2.4.  Halfmoves and Variants

The fourth part contains the halfmoves and variants. The size of this
part (+1) is stored in byte 2/3 of the game header. Assuming that
the moves (halfmoves and variants) are stored in the variable
'unsigned char moves[]' decoding can perform with the following
short C program:

  int i;
  int s = header[2]*256 + header[3];
  unsigned char k = 49 * s;
  for (i=s-2;i>0;i--,k*=7) moves[i] ^= k;

Note: The first move is not coded (program bug?)

Each byte of the move list contains a half-move:
A Move Generator numbered all possible (and some illegal)
moves from the given position. Now its possible to store only the
certain number of the legal halfmove (assuming that the Move Generator
generates always less than 128 moves (see below).

In the following description, all directions are described from
the point of the white player. The sentence 'Black king on e4 moves
to the left' means Ke4-d4, "... up" means Ke4-e5, etc.

The moves are numbered as follows:

1. The board squares A1,...,A8,B1,...,B8, .... are examined. If a
square contains a figure of the move colour, the moves of this figure
are computed.

2. Compute King moves: The king moves are regardless of opponent threats.
The move order is:

     3 5 8
     2 K 7
     1 4 6

The king moves down and left, left, up and left, and so on until up
and right.

Then short and long castling are tested. This requires the king and
the corresponding rook to be correctly placed, and the intervening
squares to be free.

3. Queen: The same moves as for the Bishop and Rook (in that order)
are tried.

4. Rook:  The rook starts off to the left until it runs into a
figure (opponents pieces are captured). The 'runs' are tried in this
order: left, down, right and up.

5. Bishop: As rook, but directions are left down, right down,
right up, left up.

6. Knight:  The folowing diagram is used:

         | 6 |   | 8 |
      ---+---+---+---+---
       2 |   |   |   | 4
      ---+---+---+---+---
         |   | S |   |
      ---+---+---+---+---
       1 |   |   |   | 3
      ---+---+---+---+---
         | 5 |   | 7 |

7: Pawn: First the long pawn move is tried, and then the short move.
If the pawn can be promoted, four moves are computed: =Q, =R, =B and
=N.  Then captures first left, then right are tried. Finally e.p.
captures are checked, which requires that the captured pawn just made
a long move.

Apart from this, the following illegal e.p. move is computed
(ChessBase without KnightStalker permits this move
during a normal game (intentionally?). The situation is described
for white, but applied also to black:

  A white pawn is on the 5th line, next to a pawn of the opposite
  colour, which cannot be caught e.p. If white made a long
  pawn move and put the pawn in front of the black pawn, and black
  castled, then white can illegally capture e.p.

  Example:

  white pawn on e2 and d2, black king on e8,
  rook on h8, pawn on d5.  If white moves d2-d4, and black
  castles 0-0, e5xd6e.p. is a possible move.

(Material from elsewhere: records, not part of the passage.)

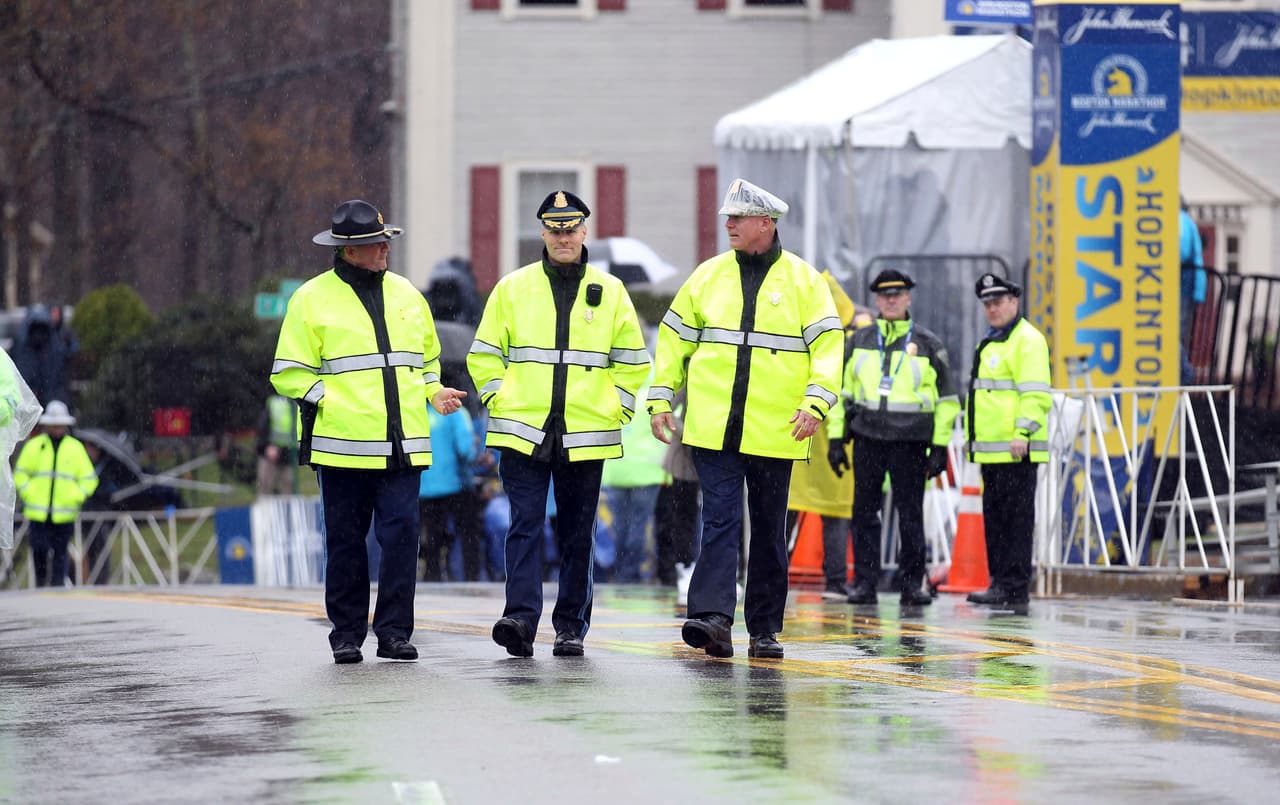 La lluvia fue una inesperada invitada en el Maratón de Boston y obligó a la espera de los participantes en una jornada en la que la seguridad previa estuvo a tope para ofrecer garantías.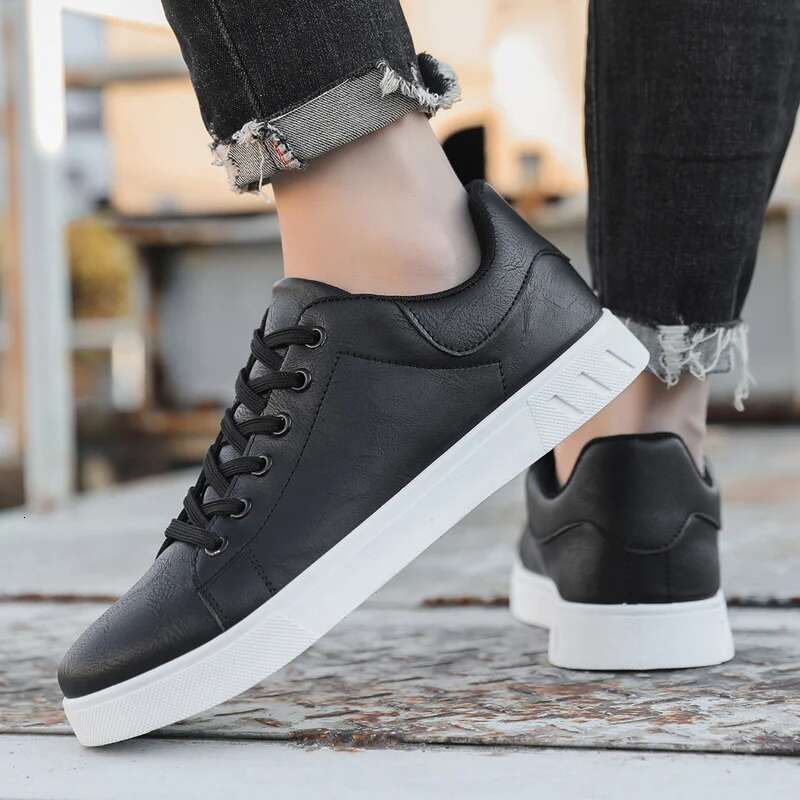 Hot Sale Brown Sneaker Big Size 45 Comfortable Leather For Men Oxford Casual Flat Skateboard Shoes Man Sneakers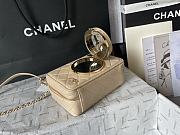 	 Chanel Camera Beige Bag - 11.5x16x6cm - 2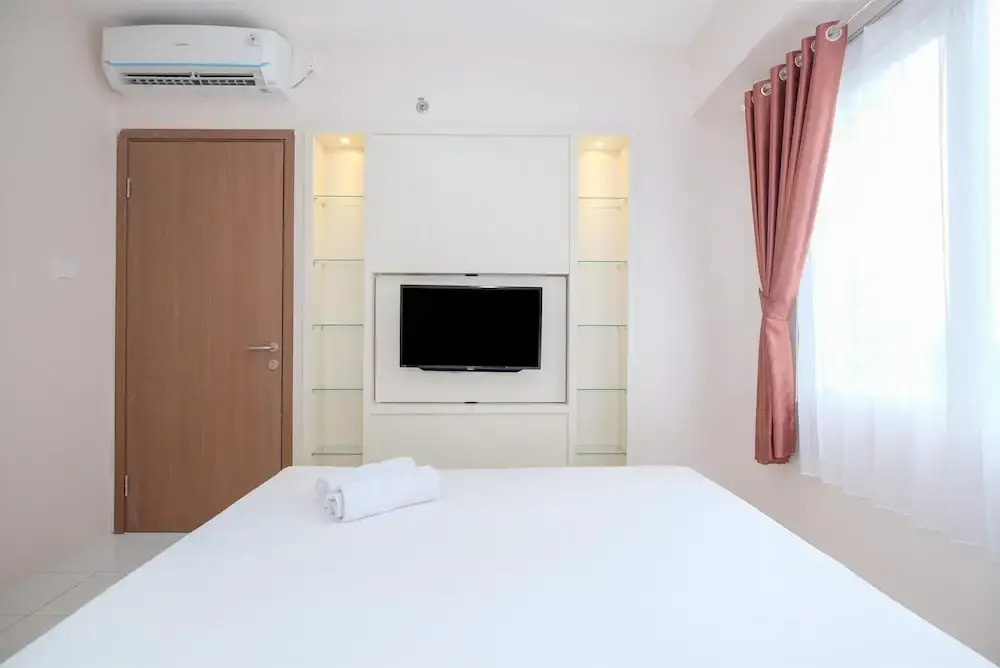 Comfort 2BR at 15th Floor Podomoro Golf View Apartment
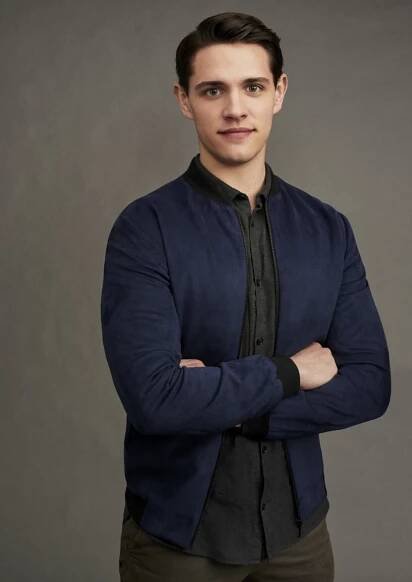 Casey Cott - Actor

It's very easy to generate this illegal move (see C program).

Now the order of all moves is defined, the move list can be
interpreted.  1 means first move etc.

The value 0 does not occur in the list. $FF indicates the start
of a variant, and $80 the end. These variants can be nested, so
it's not enough to find the first $80 to find the end of the
variant.

Every move can be commented, and is indicated by setting bit 7 of the
move byte.

2.5.  Comments

Comments are not encoded. A comment starts with a zero longword
and ends with a $FF byte. The first comment begin with a extra 
$FF byte. Some details: The value 177 stand for the King symbol,
178: queen, 179: knight, 180: bishop, 181: rook, 182: pawn.
$FE stands for cr-lf.

Anjo Anjewierden: 
The comments (annotations) are encoded as follows.  First some definitions:

    move   = move evaluation (! command in ChessBase)
    pos    = position evaluation (= command in ChessBase)
    extra  = additional evaluation (Move evaluation command in ChessBase)
    START  = byte 0xff
    NULL   = byte 0x00
    string = annotation (^A command in ChessBase)

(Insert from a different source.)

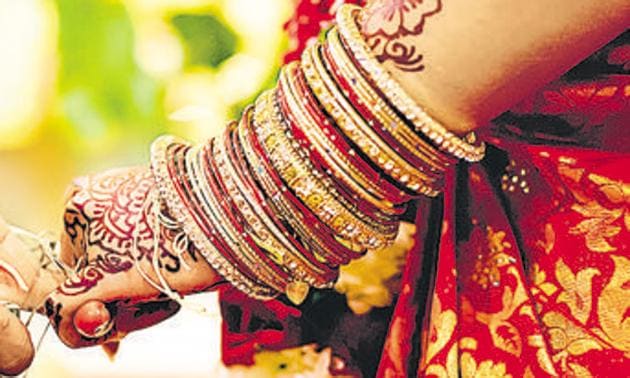 The district court on Monday awarded 10 years’ rigorous imprisonment to a man for killing his wife over dowry in July 2014.(HT File Photo/Representative Image) The district court on Monday awarded 10 years’ rigorous imprisonment to a man for killing his wife over dowry in July 2014.(HT File Photo/Representative Image)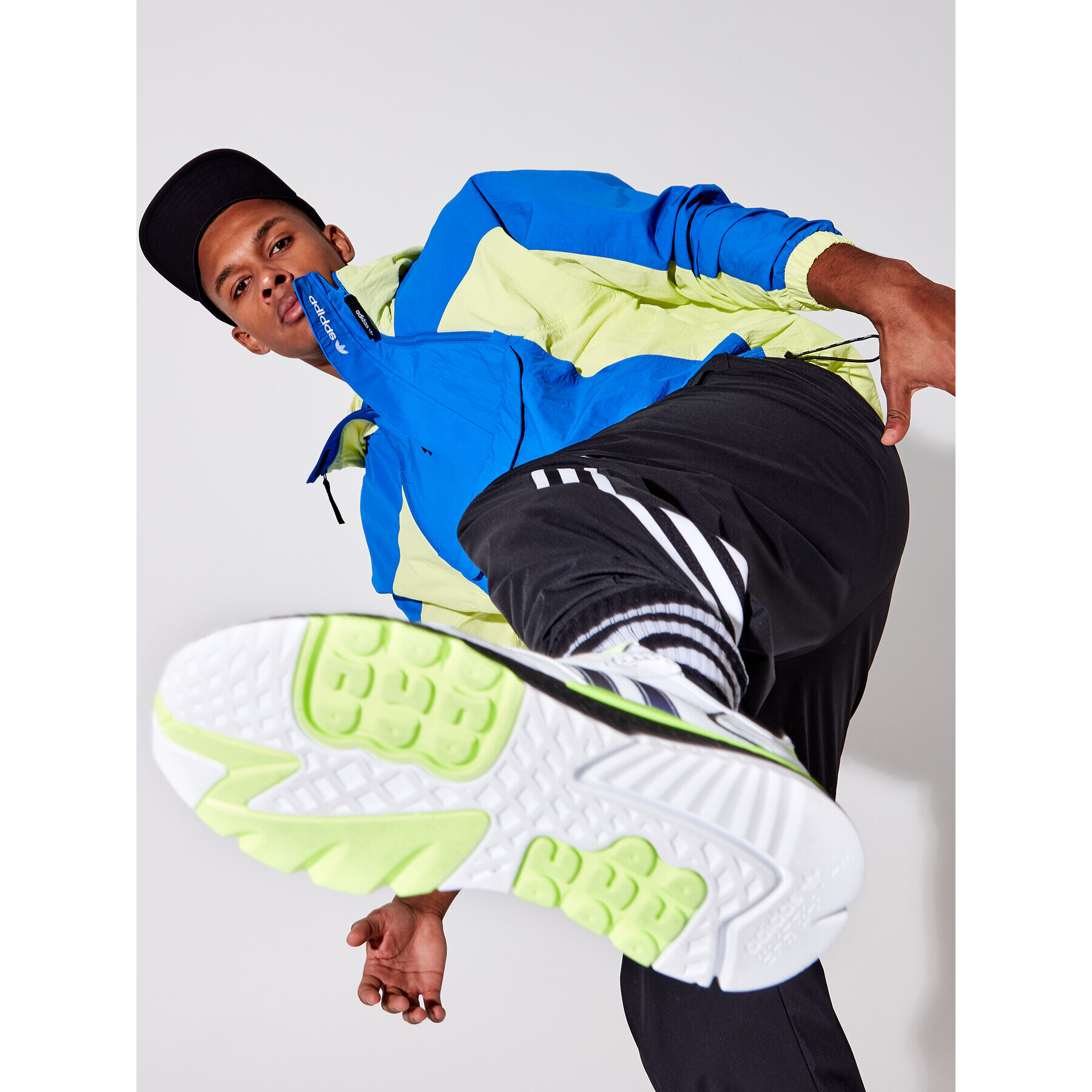 adidas Анорак Adventure Mishmash GN2335 Син Regular Fit - Pepit.bg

The syntax for comments is:

START move [pos] [extra] [NULL] [string]

The optional fields are only used if they have a value or if one of
the following fields has a value.  Some examples, suppose you enter
"This is a great move" (no evaluations), then the encoding is:

START NULL NULL NULL NULL string="This is a great move"

A comment ends on the START of the next comment.

2.6.  Position

The ChessBase file format allows to store games that did not start
from the starting position.  The following information is required;

 -  starting position
 -  next to move
 -  en passant line
 -  remaining castling opportunities
 -  move number of starting position

If a starting position is supplied, bit 0 of byte 10 is set.
The last 33 bytes provides the starting position. A byte specifies two
squares, and the squares are defined in the A1,..,H1,..,A8,...,H8 order.
The four upper bits specify the A,C,E and G files.
The pieces are represented as follows:

            white   black
  ---------------------------
  King        1         9
  Queen       2        10
  Knight      3        11
  Bishop      4        12
  Rook        5        13
  Pawn        6        14

The last byte (nr 33) contains the move number - 1.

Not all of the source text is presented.